One especially spirited team bonding tradition is boys water polo’s annual onesie pool day, in which the team swims and plays water polo while wearing fuzzy onesies. 

“Traditions like this bring everyone together as friends and as players as well,” said freshman and JV boys water polo player Deniz Genc. “I think that makes a big impact.”

According to the Association for Applied Sports Psychology, team dynamics are made up of two components, social cohesion and task cohesion. Task cohesion measures the effectiveness of teamwork at completing tasks, and social cohesion measures the support and relationships among team members. For an effective team dynamic, both elements are important, and they affect one another. 

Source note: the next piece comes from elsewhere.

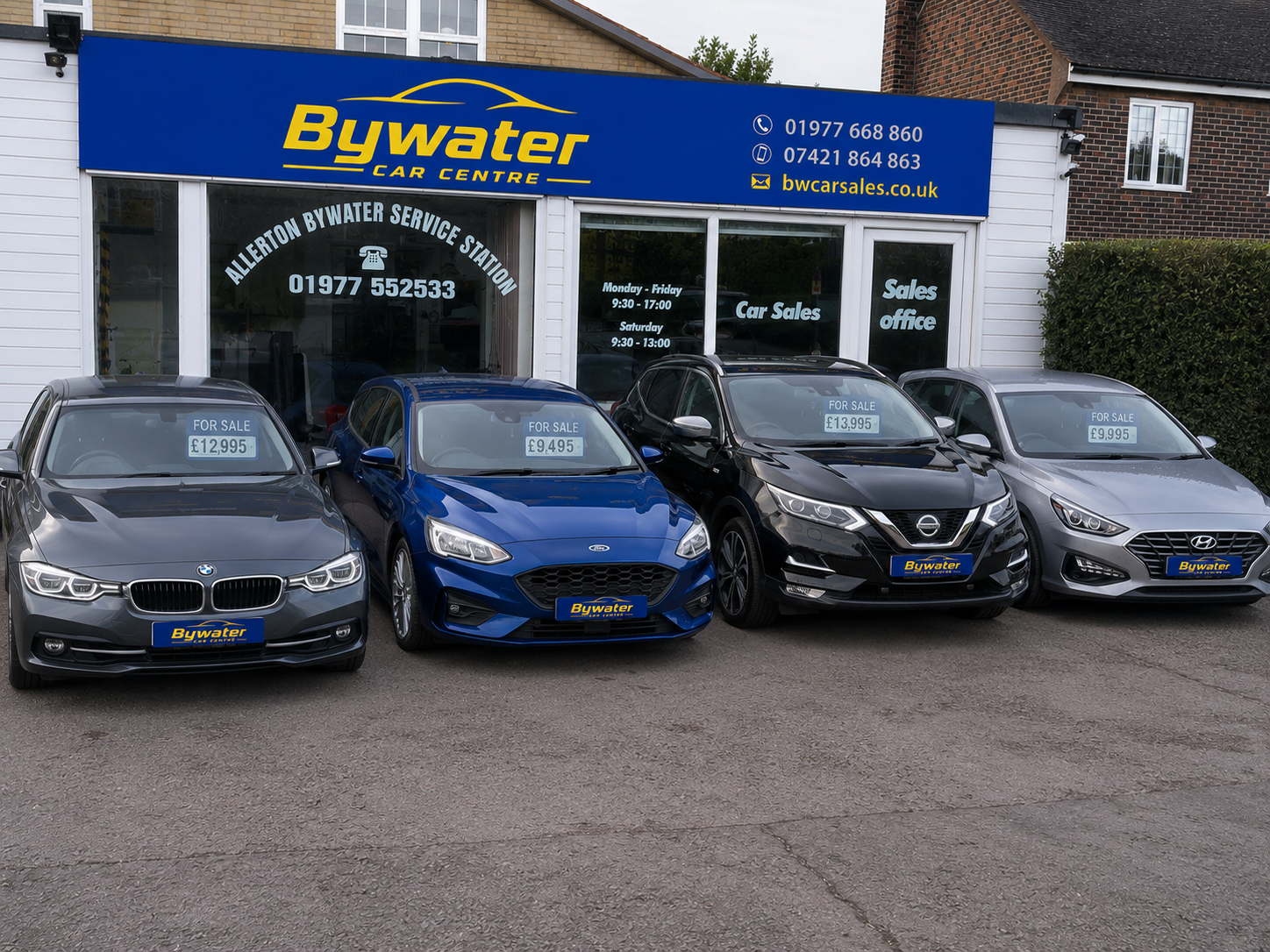 Bywater Car Centre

“If you don’t like your teammates, then you’re not going to want to go to practice, and you’re not going to want to play with them either,” said junior and girls varsity water polo player Lauren Yee. “You’re going to hold a grudge and it could really change the outcome of everything.” 

Even for individual sports like cross country, team dynamics play an important role in athletes’ performances. 

“If you run with people during normal practice runs, then you can talk and get to know each other,” said freshman and cross country runner Annie Peng. “You don’t get tired really easily. When you run by yourself, you’re just focusing and really tight. Together, you motivate each other when one person gets tired.” 

When players become close with one another, a team’s chemistry on the field can improve dramatically. Players develop an understanding of where another player is on the field and what they may be doing. The ability to observe and predict other players’ behavior allows for efficient teamwork and lessens the stress a team can experience.

“When you’re close with somebody as a friend and teammate, you don’t have to speak to them, you just know what’s on each other’s mind,” said senior and varsity football player Jalen Johnson. “That connection really helps in games.”